Mets And Cardinals Clear The Benches After Brush-back

Tensions are high in St. Louis between the Cardinals and Mets with one too many hit-by-pitches. The pitch that set this whole thing up in flames was a half inning prior that drilled Mets third baseman J.D. Davis in the left ankle that removed him from the game. Mets manager Buck Showalter being his old-school self sent a retaliation pitch high and tight on Cardinals superstar Nolan Arenado — that’s when the benches cleared. Watch:

We would say Arenado’s problem with the retaliation was that the pitch was at his head. Wasn’t too close, however that would be a fair reason to get this ticked off, we should add. But we’ve also seen Arenado rush the mound following waist-high pitches as well, like this one:

Not picking on Arenado here, but didn’t he expect to be thrown at given what already transpired? Multiple players have already been hit and injured in the series combined with a perfect storm to do it with a 10-5 game that’s all but over?

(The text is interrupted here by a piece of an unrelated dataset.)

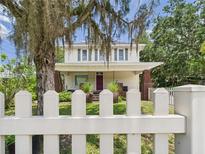 Charming two-story home featuring a white picket fence and mature trees in a serene setting at 2418 W 1St St, Sanford, FL 32771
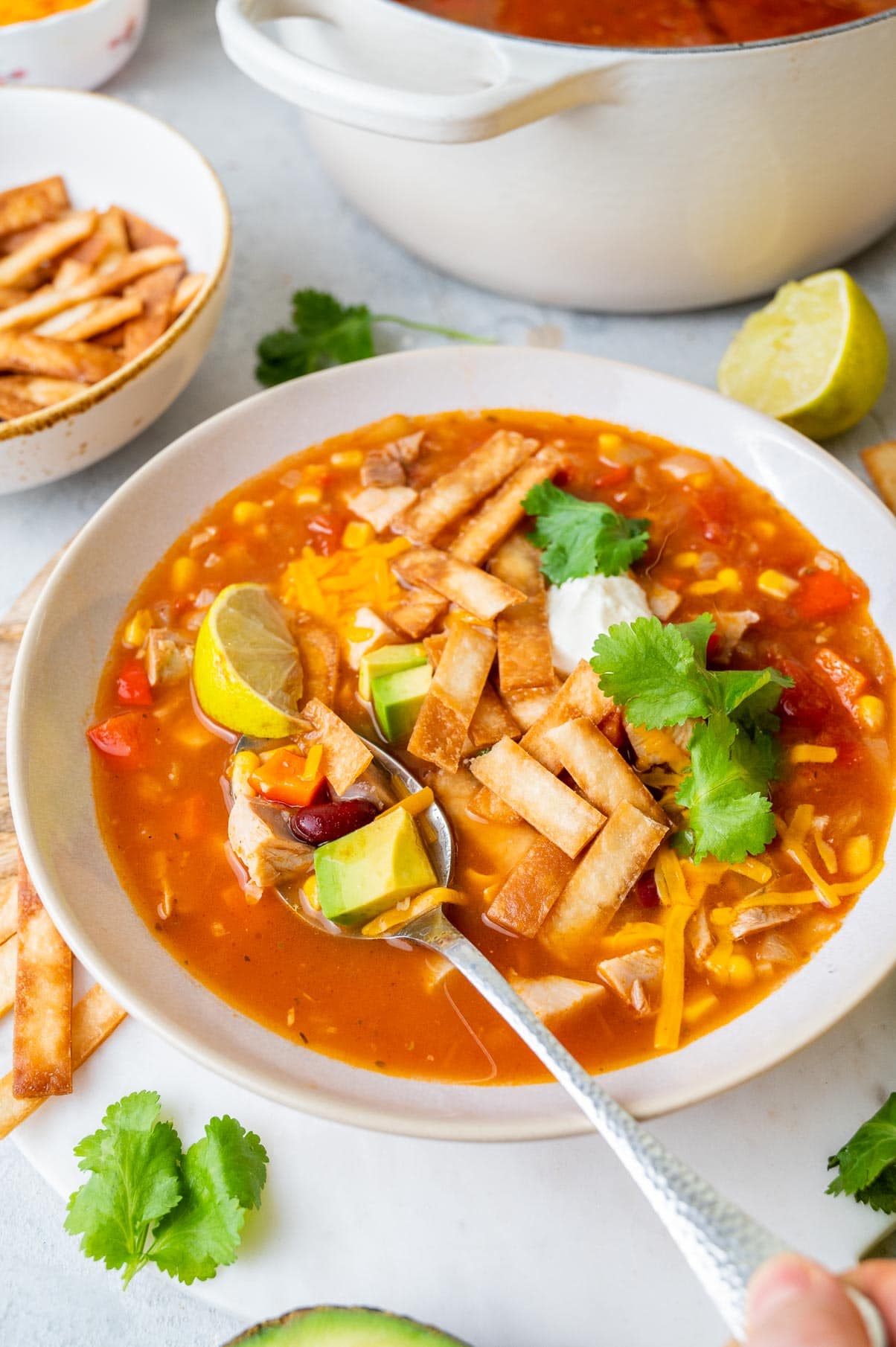 Turkey tortilla soup in a white bowl.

To Nolan Arenado’s defense the baseballs are clearly becoming an issue league-wide. Mets pitcher Chris Bassitt threw six innings of shutout baseball last night and still complained he couldn’t grip the ball. “The amount that we’re getting hit (by pitches) is unbelievable,” Bassitt said postgame. “I had some close calls tonight but MLB has a very big problem with the baseballs. They’re bad. MLB doesn’t give a damn.”

Bassitt eventually goes on to suggest the grip is not only bad but inconsistent throughout his starts. And this could possibly be an explanation as to why J.D. Davis was struck in the top half of the eighth inning? Tonight happened to be the first time tensions boiled over and we’d assume this feud hasn’t died.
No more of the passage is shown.